In terms of computational services, an EIDF Safe Haven looks very much the same as the “regular” EIDF, but with three additional features:

  • Information governance. Project approval and user access to a Safe Haven, and all data transfers in and out, go through an independent “gatekeeper”. The information governance team control all aspects of approval of, access to, and disclosure of research results from a Safe Haven project. The information governance team is entirely independent from the EPCC team that manages EIDF.
  • Secure perimeter. The Safe Haven area of EIDF is an entirely separate part of the system with its own additional secure perimeter and hardware firewalling. Two-factor authentication (“something you know”, like a password, plus “something you have”, like an on-request PIN delivered by SMS) is standard on all user accounts. IP whitelisting is also possible as needed.
  • Restricted environments. While users of Safe Havens can have most of their familiar data science tools available to them, there are restrictions.

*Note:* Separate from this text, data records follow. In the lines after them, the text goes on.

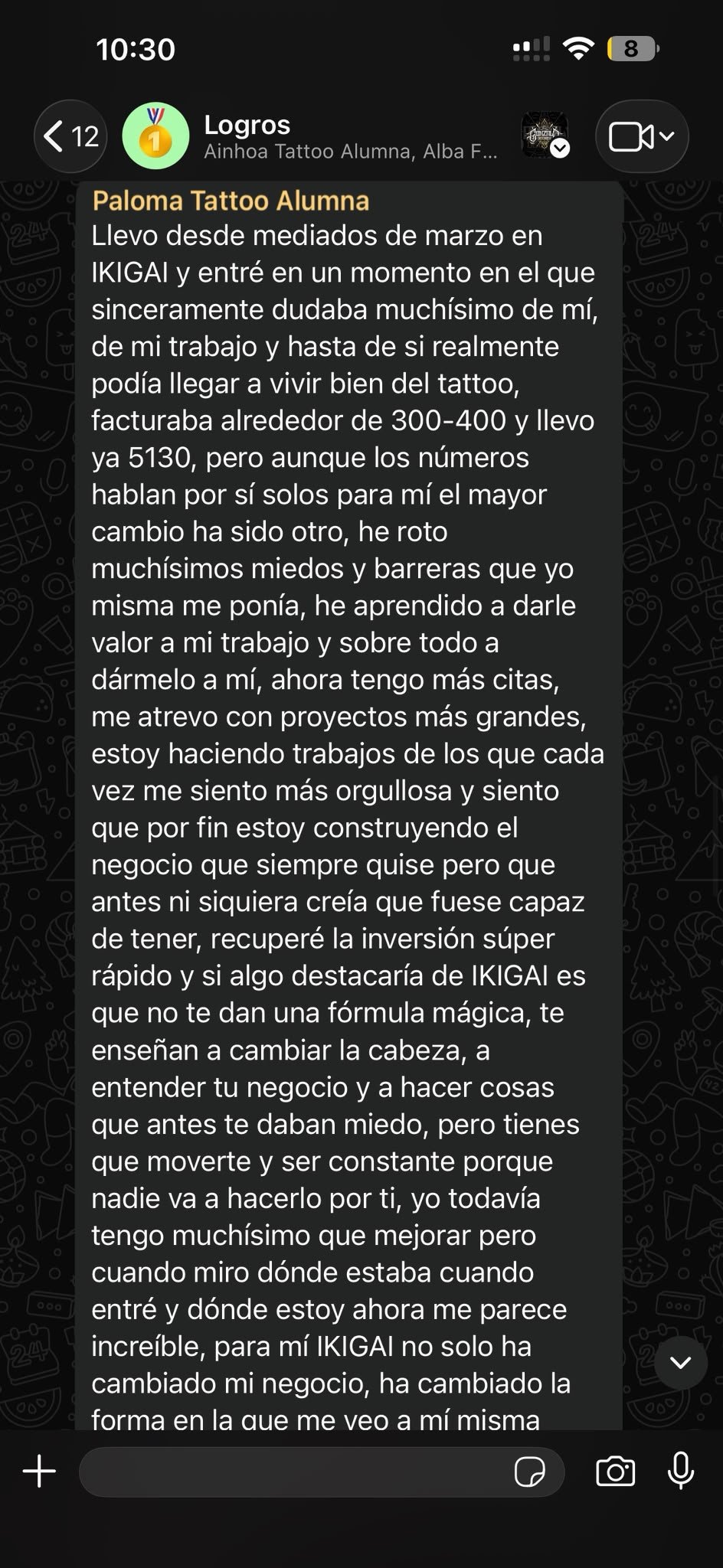 Testimonio de alumno de IKIGAI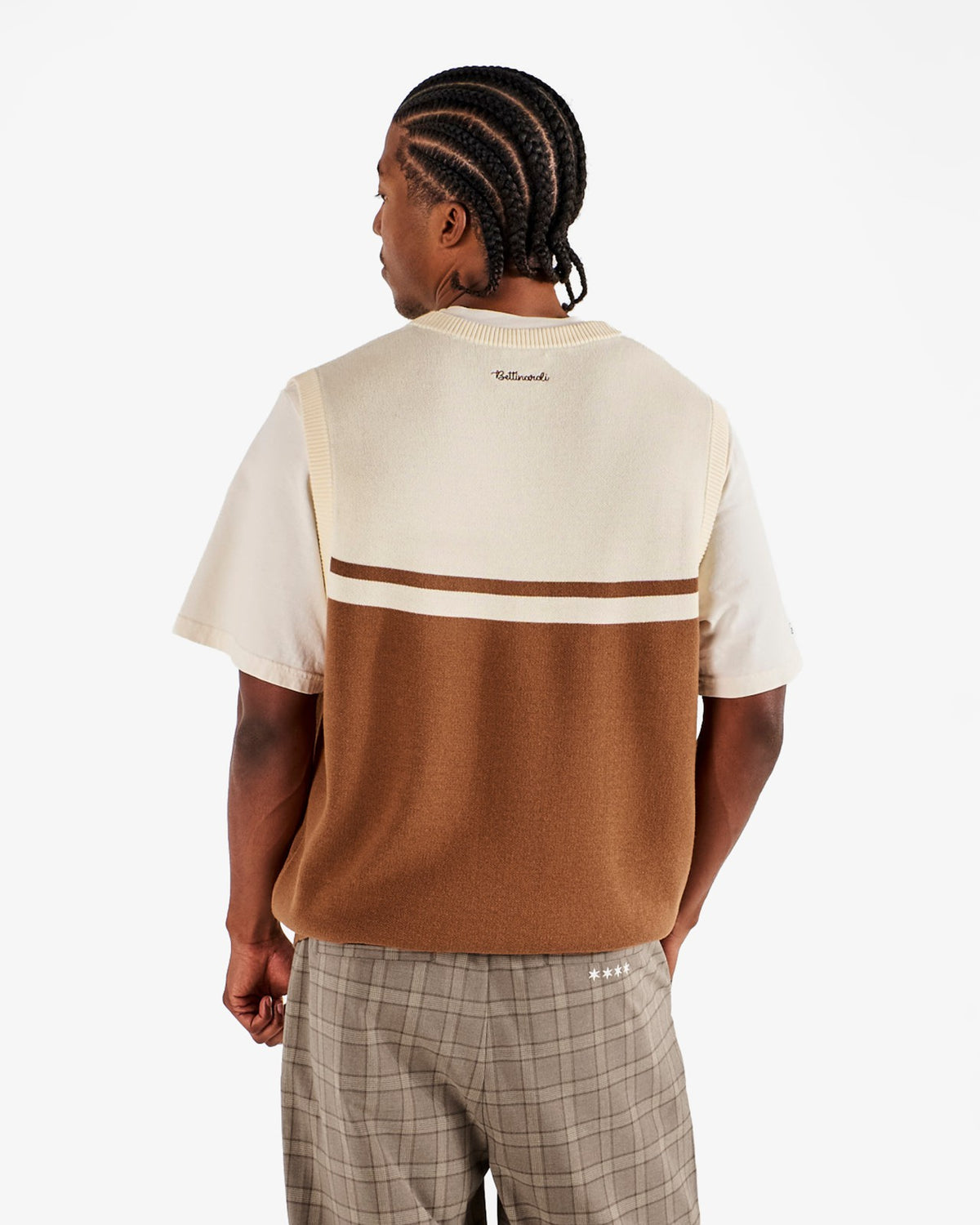 Bettinardi Sweater Vest - Rubber Malbon Men
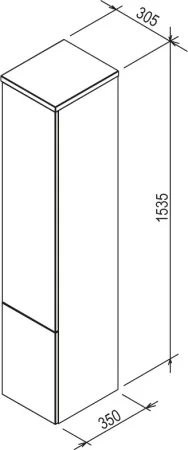 Шкаф-пенал Ravak SB 350 ROSA II 41x35x180,белый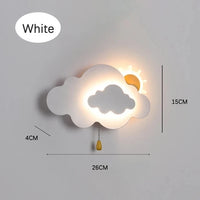 Modern minimalist cloud wall lamp for children's bedside
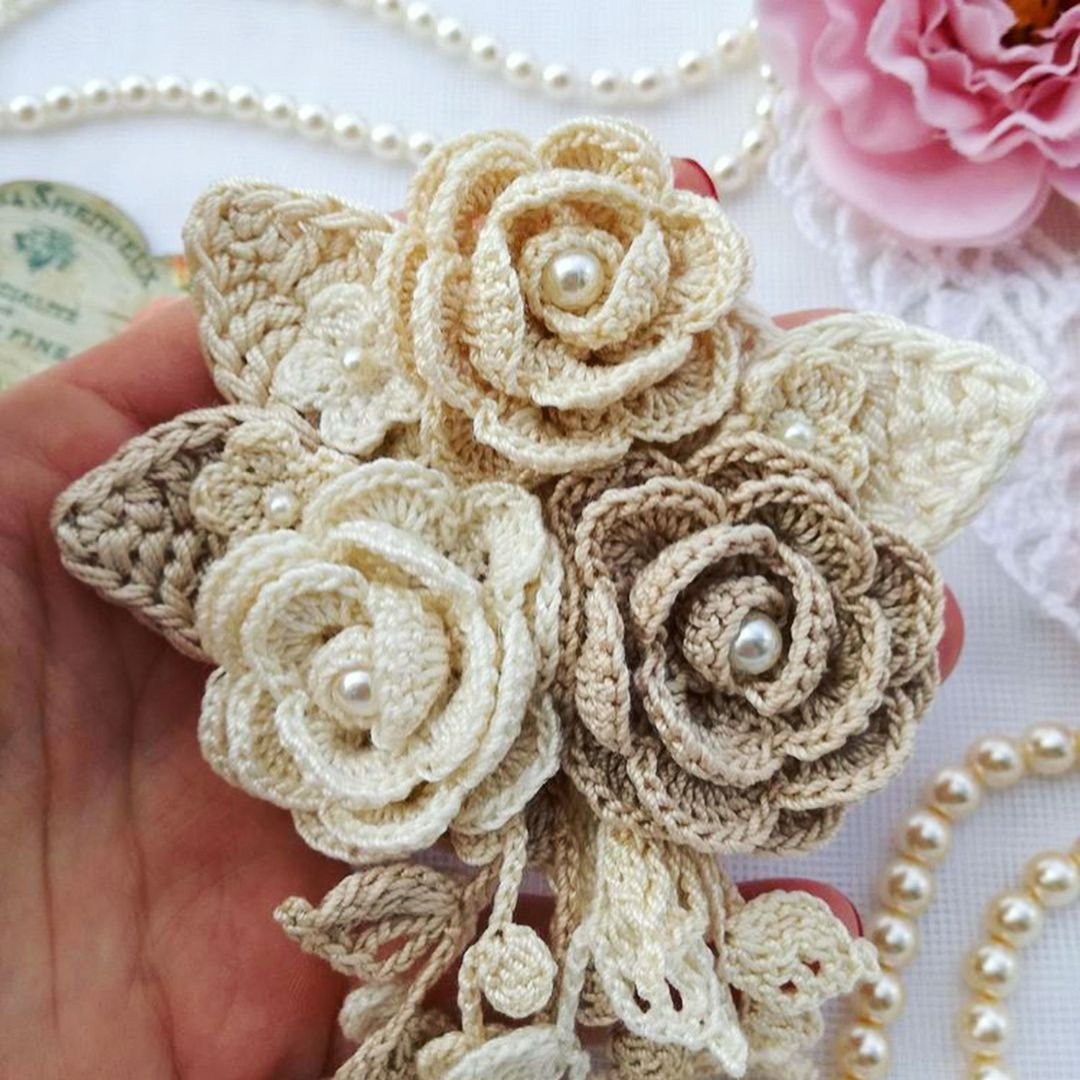 Украшения крючком для начинающих кольца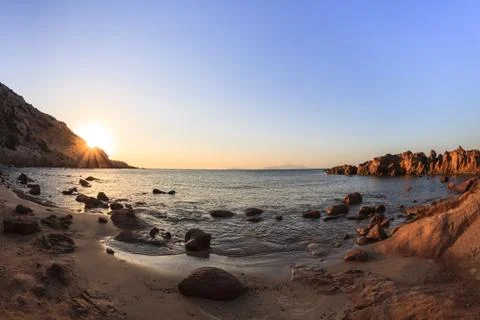 Sunrise on the beach Stock Photos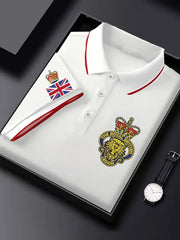 Men's Rpyal British Flag Printed Casual Tops trupatriotic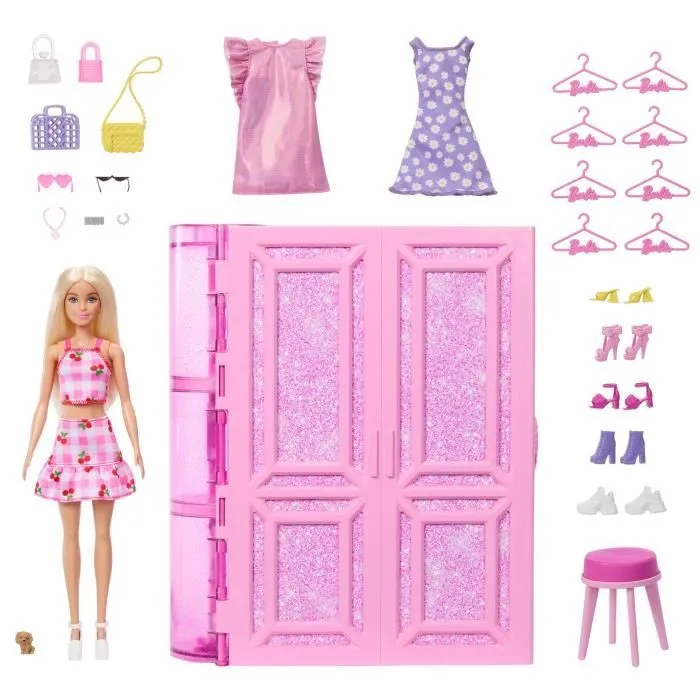 Barbie-Dressing de Rêve-Coffret HXD58-1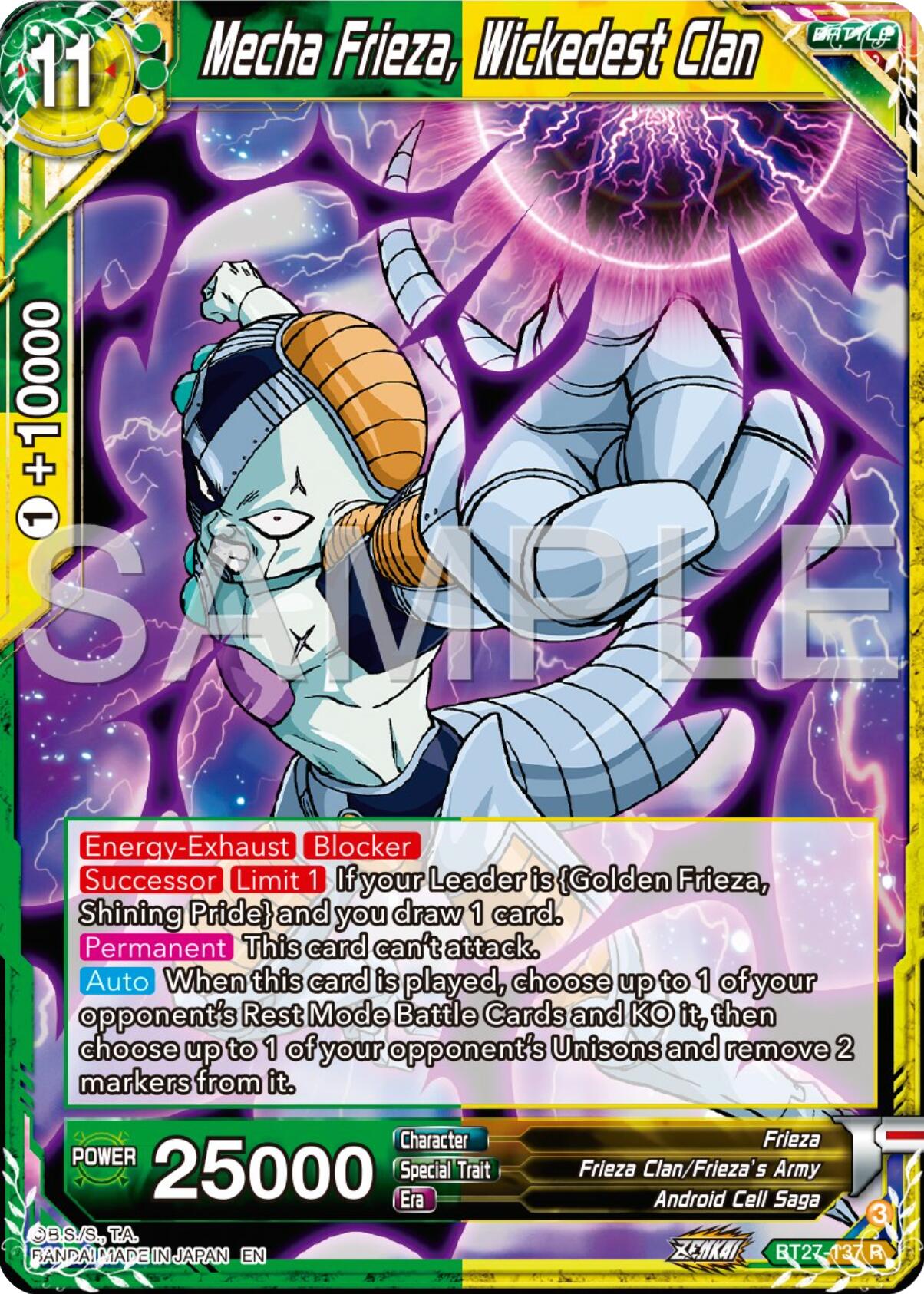 Mecha Frieza, Wickedest Clan (BT27-137) [History of Z] | Dragon's Lair Comics and Fantasy Houston TX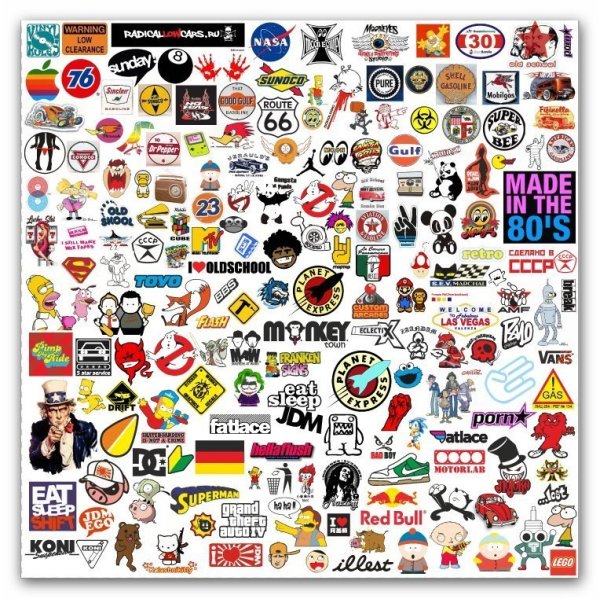 Наклейки на модельки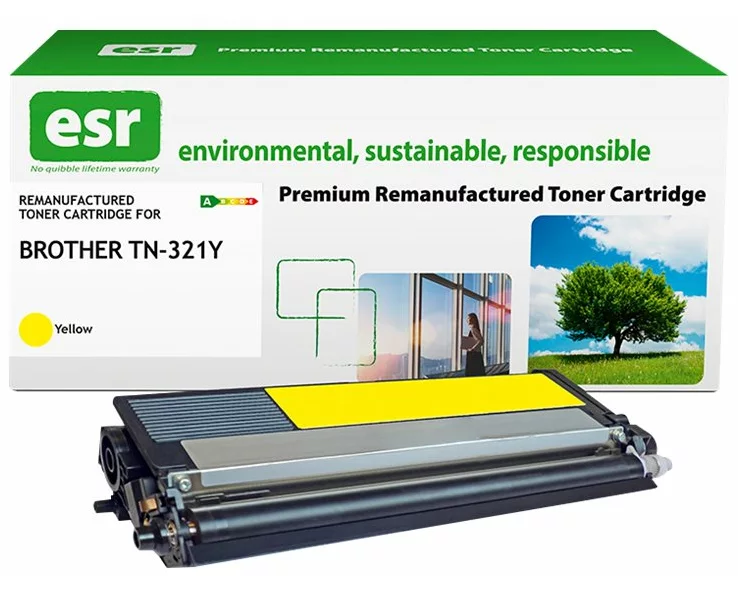 ESR Toner cartridge compatible with Brother TN-321Y yellow remanufactured 1.500 pages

While working on sensitive data Safe Haven users have no external access to the Internet, and cut-and-paste copying is disabled. Users can’t install their own software, and software development can only be done as part of a collaborative project between the users, the EIDF and information governance teams.

The National Safe Haven

The National Safe Haven is a unique part of the EIDF run in partnership with the NHS in Scotland and the Scottish Government. The National Safe Haven supports approved research on linked public sector data from health and government sources. Information governance is provided by the eDRIS team within Public Health Scotland, and all project approvals, and any service and system changes, are subject to scrutiny by Scotland’s Public Benefit and Privacy Panel for Health and Social care and national Caldicott Guardians.

Private Safe Havens

The same sort of secure environment provided for the National Safe Haven can be recreated elsewhere in EIDF for projects needing similar levels of security assurance. Information governance for private Safe Haven projects is not provided by eDRIS or by EPCC: any project wanting a Safe Haven environment must make appropriate, independent arrangements for information governance. A Safe Haven isn’t a Safe Haven without independent gatekeepers!